The proposed framework employs a twin attentional network architecture that simultaneously captures complementary emotional cues from input data, such as textual semantics, facial expressions, or multimodal features [5]. A meta-heuristic optimization algorithm is integrated to automatically fine-tune critical model parameters, attention weights, and feature selection [14], thereby enhancing learning efficiency and classification accuracy.
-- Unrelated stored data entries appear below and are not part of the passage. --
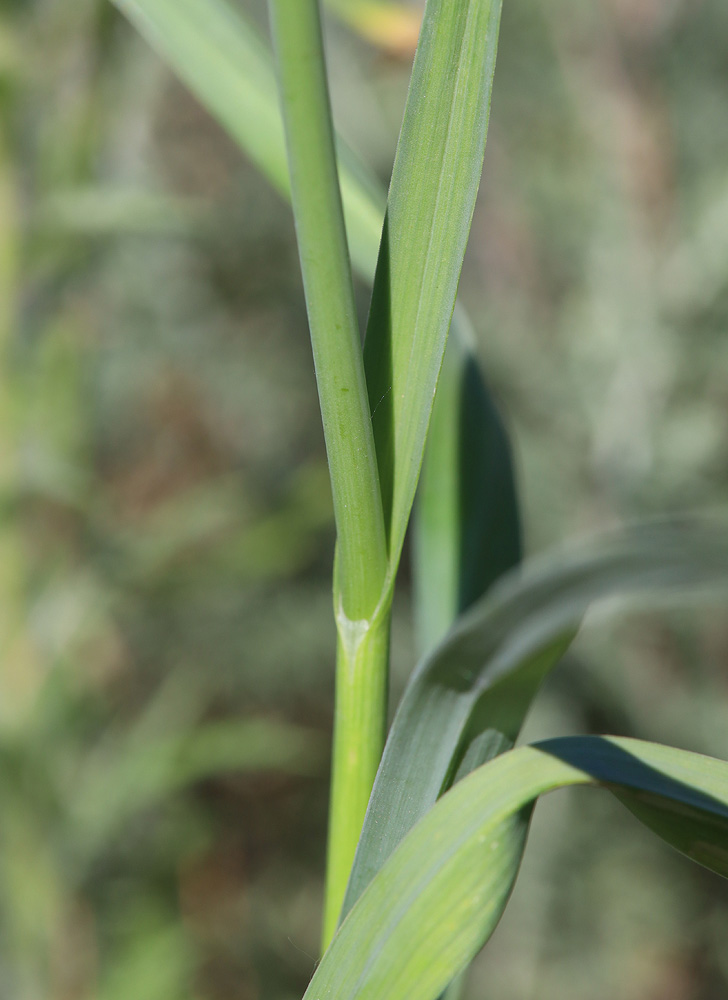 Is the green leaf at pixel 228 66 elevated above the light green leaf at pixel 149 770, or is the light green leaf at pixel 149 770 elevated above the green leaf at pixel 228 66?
the green leaf at pixel 228 66

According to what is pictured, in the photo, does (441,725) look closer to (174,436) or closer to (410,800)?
(410,800)

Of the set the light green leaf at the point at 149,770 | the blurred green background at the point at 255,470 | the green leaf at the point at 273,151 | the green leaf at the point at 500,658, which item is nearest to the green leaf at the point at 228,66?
the green leaf at the point at 273,151

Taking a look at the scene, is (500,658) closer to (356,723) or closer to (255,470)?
(356,723)

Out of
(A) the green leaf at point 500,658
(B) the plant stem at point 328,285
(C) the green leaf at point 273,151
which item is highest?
(C) the green leaf at point 273,151

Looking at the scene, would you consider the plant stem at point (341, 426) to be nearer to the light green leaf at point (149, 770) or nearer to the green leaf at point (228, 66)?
the green leaf at point (228, 66)

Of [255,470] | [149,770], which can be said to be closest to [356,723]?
[149,770]

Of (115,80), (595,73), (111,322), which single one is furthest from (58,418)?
(595,73) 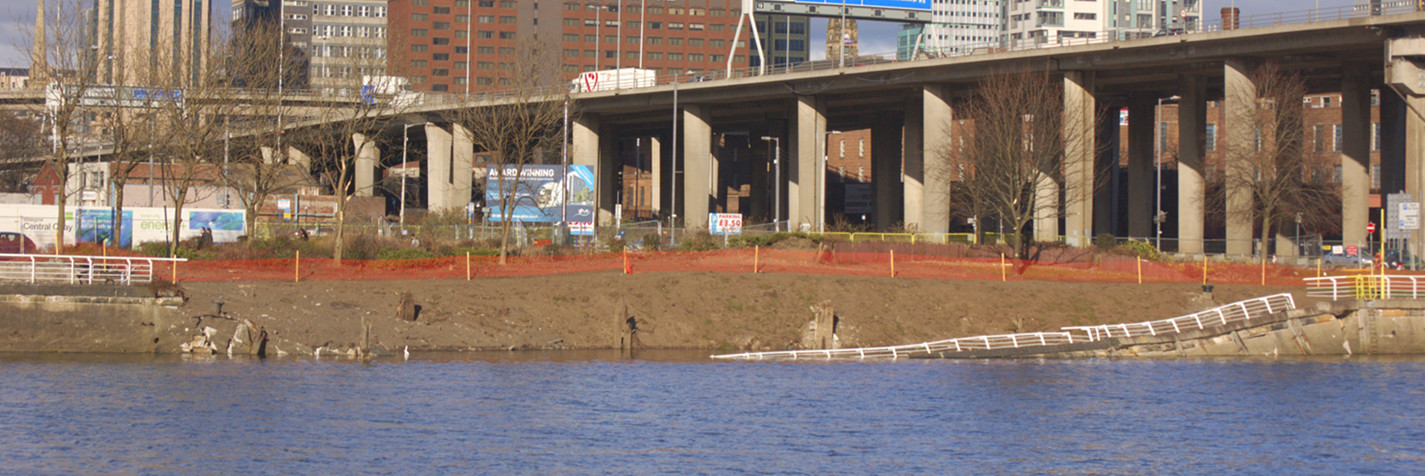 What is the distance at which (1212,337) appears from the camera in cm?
4650

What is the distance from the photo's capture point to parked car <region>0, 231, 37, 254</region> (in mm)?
61500

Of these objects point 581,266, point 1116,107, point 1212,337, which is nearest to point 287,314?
point 581,266

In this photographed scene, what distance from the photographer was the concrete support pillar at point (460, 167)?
10412 cm

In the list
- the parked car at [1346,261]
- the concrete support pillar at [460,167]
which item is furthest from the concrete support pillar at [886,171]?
the parked car at [1346,261]

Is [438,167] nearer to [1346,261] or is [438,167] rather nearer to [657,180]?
[657,180]

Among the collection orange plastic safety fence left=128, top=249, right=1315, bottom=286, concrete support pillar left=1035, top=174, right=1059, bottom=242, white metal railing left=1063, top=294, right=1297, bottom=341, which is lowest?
white metal railing left=1063, top=294, right=1297, bottom=341

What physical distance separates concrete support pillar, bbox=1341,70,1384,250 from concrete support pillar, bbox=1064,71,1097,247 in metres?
14.3

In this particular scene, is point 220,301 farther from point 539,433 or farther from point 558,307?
point 539,433

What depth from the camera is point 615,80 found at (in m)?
109

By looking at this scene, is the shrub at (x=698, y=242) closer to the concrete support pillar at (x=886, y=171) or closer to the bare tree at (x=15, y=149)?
the concrete support pillar at (x=886, y=171)

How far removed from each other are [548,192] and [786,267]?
23231mm

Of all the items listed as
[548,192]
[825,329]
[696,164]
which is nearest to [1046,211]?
[548,192]

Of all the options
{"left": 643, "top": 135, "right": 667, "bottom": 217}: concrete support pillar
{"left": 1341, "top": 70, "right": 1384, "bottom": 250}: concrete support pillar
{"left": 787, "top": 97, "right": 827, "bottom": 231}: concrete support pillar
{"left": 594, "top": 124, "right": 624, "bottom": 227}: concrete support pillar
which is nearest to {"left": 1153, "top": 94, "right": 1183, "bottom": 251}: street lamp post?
{"left": 1341, "top": 70, "right": 1384, "bottom": 250}: concrete support pillar

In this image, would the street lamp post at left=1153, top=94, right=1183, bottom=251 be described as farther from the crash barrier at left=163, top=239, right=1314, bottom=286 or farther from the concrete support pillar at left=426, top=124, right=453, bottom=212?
the concrete support pillar at left=426, top=124, right=453, bottom=212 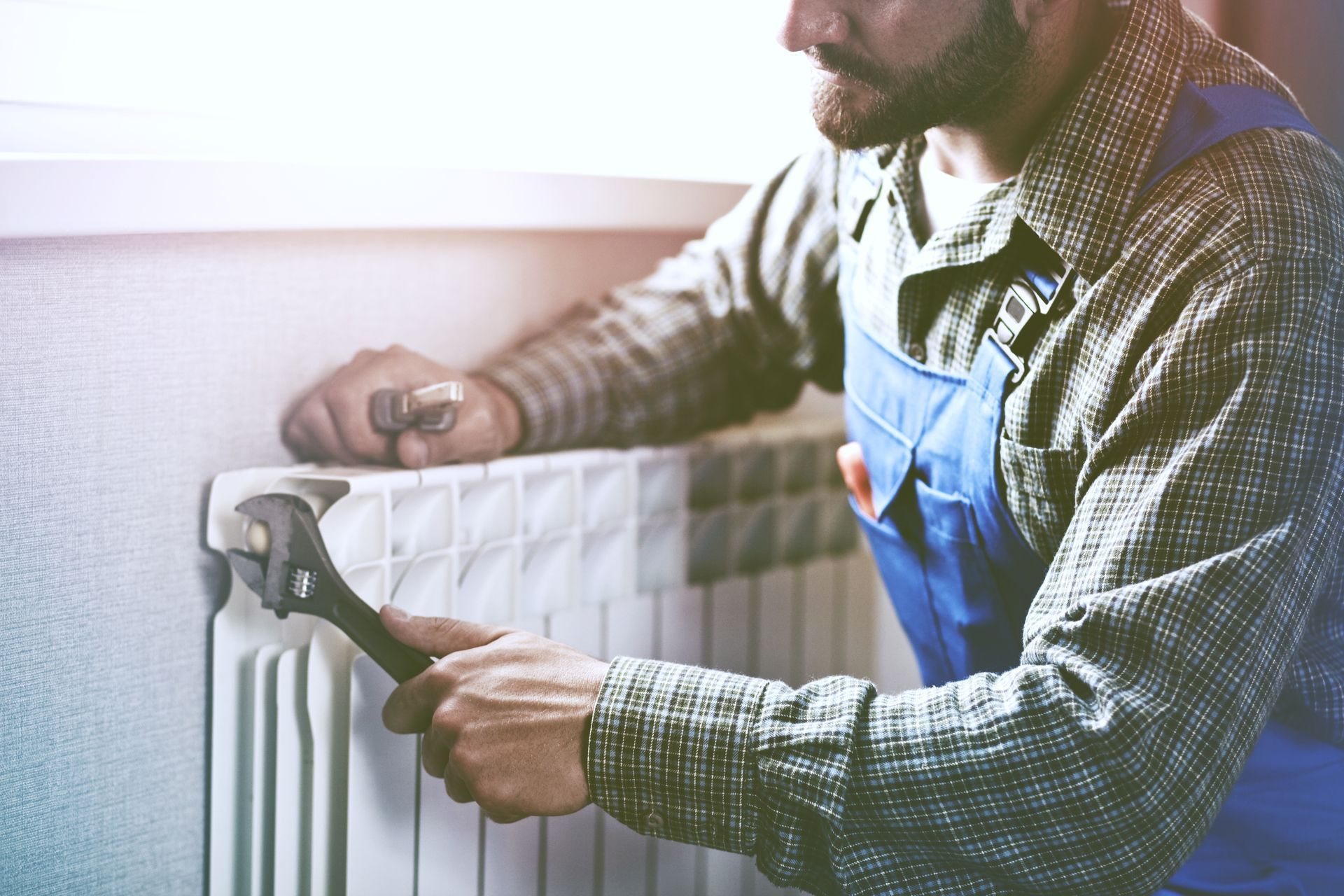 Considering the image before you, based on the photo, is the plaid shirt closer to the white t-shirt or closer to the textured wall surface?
the white t-shirt

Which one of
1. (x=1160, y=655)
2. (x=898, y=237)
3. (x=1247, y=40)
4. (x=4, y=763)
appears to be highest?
(x=1247, y=40)

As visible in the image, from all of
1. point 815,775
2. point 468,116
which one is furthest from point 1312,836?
point 468,116

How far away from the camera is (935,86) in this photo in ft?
2.76

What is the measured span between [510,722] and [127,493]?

This optimization-driven approach reduces overfitting, improves convergence speed, and ensures robustness against noisy and imbalanced data [13], [29]. Extensive experiments conducted on benchmark emotion datasets demonstrate that the proposed framework outperforms conventional deep learning and single attention-based models in terms of precision, recall, and overall accuracy [31], [33].